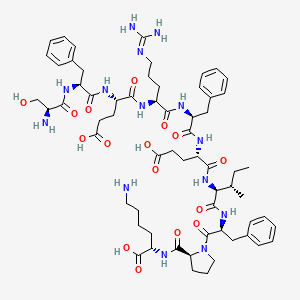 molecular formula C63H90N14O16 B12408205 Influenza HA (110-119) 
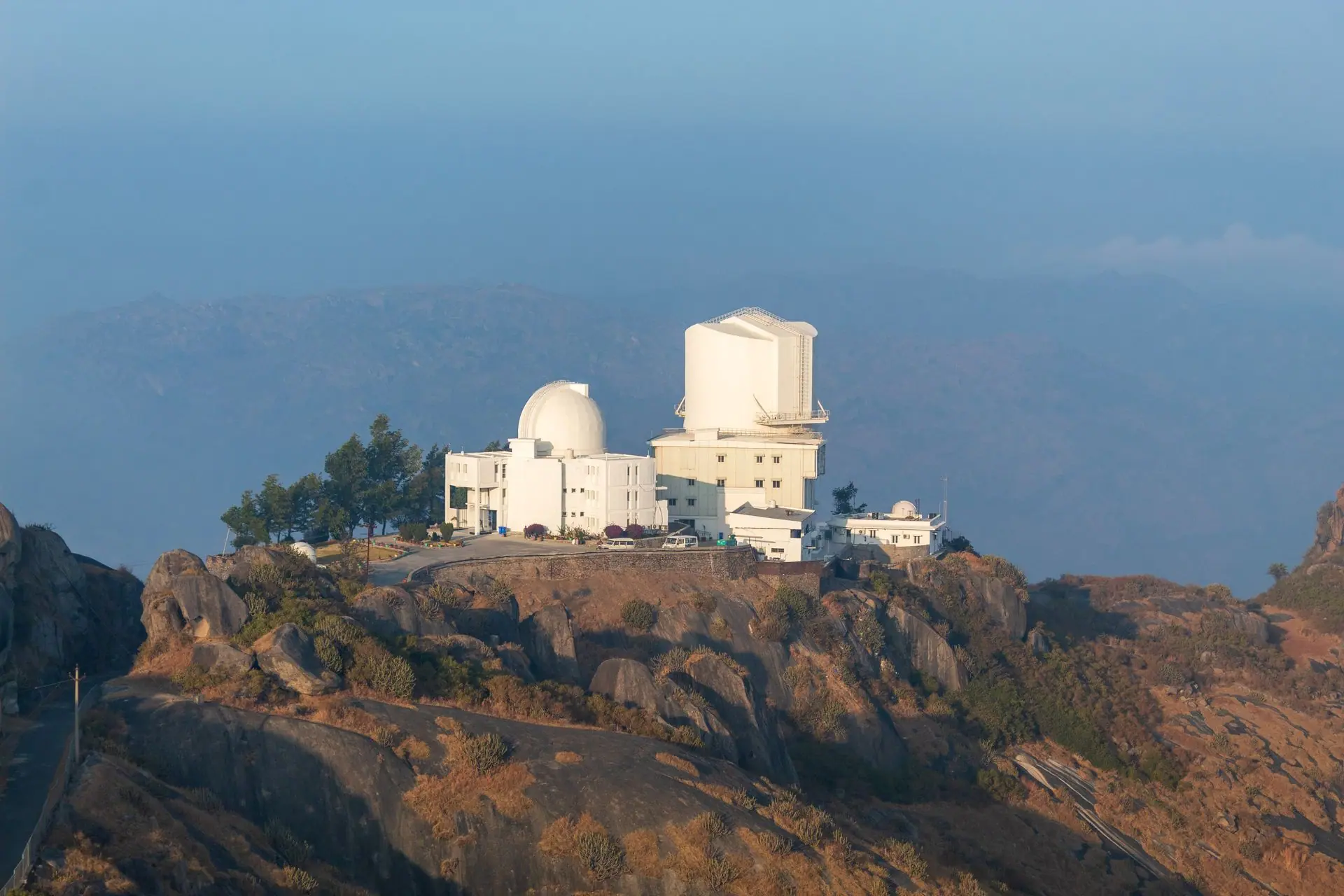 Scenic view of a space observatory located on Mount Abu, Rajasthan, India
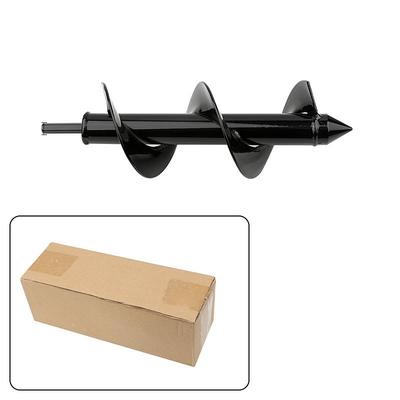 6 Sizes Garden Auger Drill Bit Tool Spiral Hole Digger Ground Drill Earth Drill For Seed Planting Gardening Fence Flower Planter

- _What the task requires_: Word for word, repeat only the lines from the line containing "Scenic view of" through the end of the data, without any pictures.

- _Answer to this task_:
 Scenic view of a space observatory located on Mount Abu, Rajasthan, India
 6 Sizes Garden Auger Drill Bit Tool Spiral Hole Digger Ground Drill Earth Drill For Seed Planting Gardening Fence Flower Planter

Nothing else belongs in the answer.